■ Task brief ■
Your task is to return exactly the lines that run from the one containing "Avant/Après diastasis" through the end of the listing below, without any pictures.

■ Given records ■
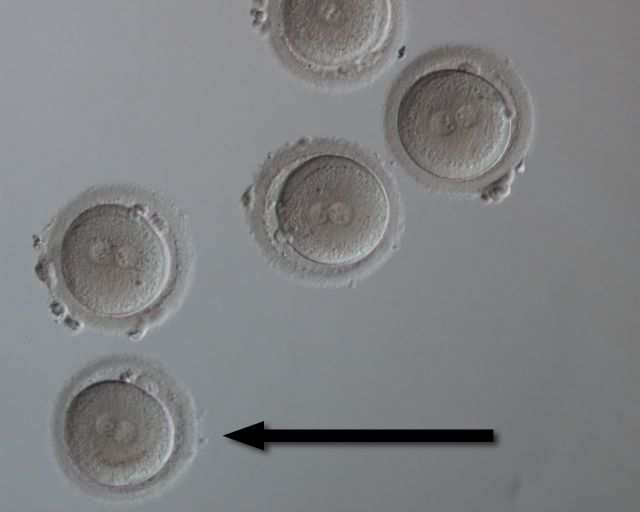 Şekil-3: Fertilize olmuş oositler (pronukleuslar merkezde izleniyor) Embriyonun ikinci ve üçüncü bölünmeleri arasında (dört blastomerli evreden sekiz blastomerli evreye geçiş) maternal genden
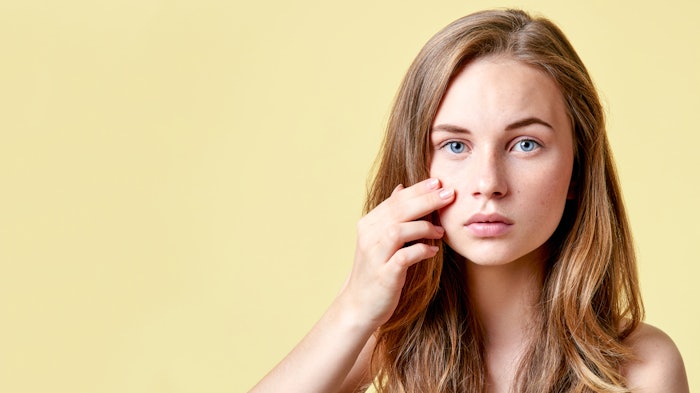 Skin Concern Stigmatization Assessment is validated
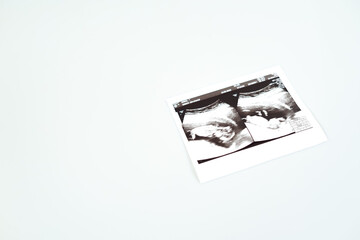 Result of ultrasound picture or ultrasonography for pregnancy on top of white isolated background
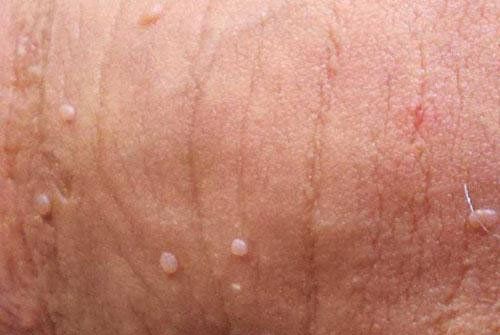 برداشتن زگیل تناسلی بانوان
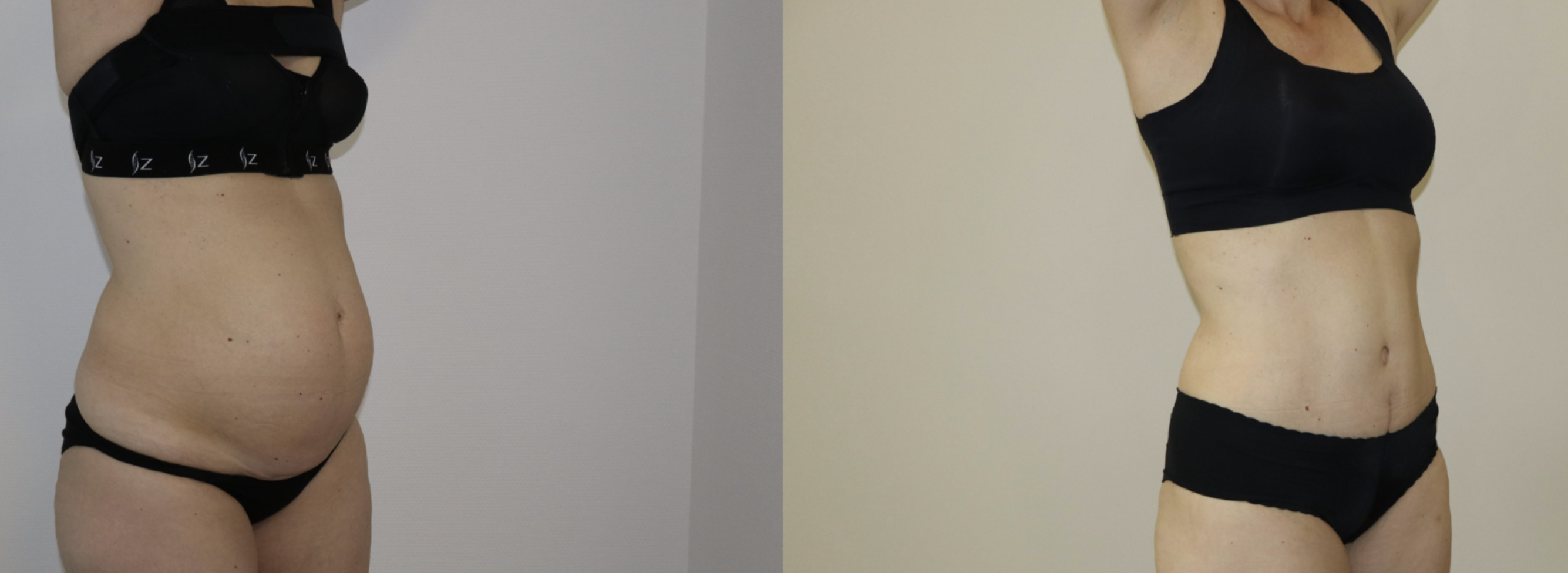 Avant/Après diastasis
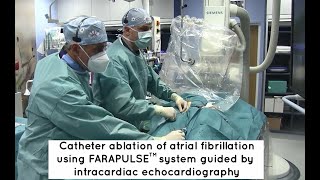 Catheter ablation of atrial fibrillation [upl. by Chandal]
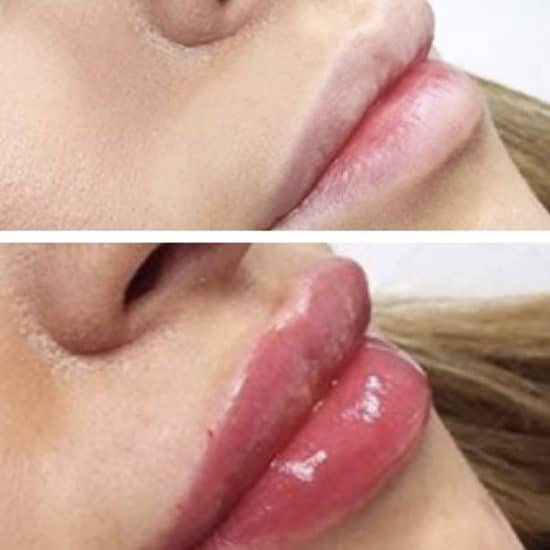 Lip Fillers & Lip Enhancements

■ Completed exercise ■
 Avant/Après diastasis
 Catheter ablation of atrial fibrillation [upl. by Chandal]
 Lip Fillers & Lip Enhancements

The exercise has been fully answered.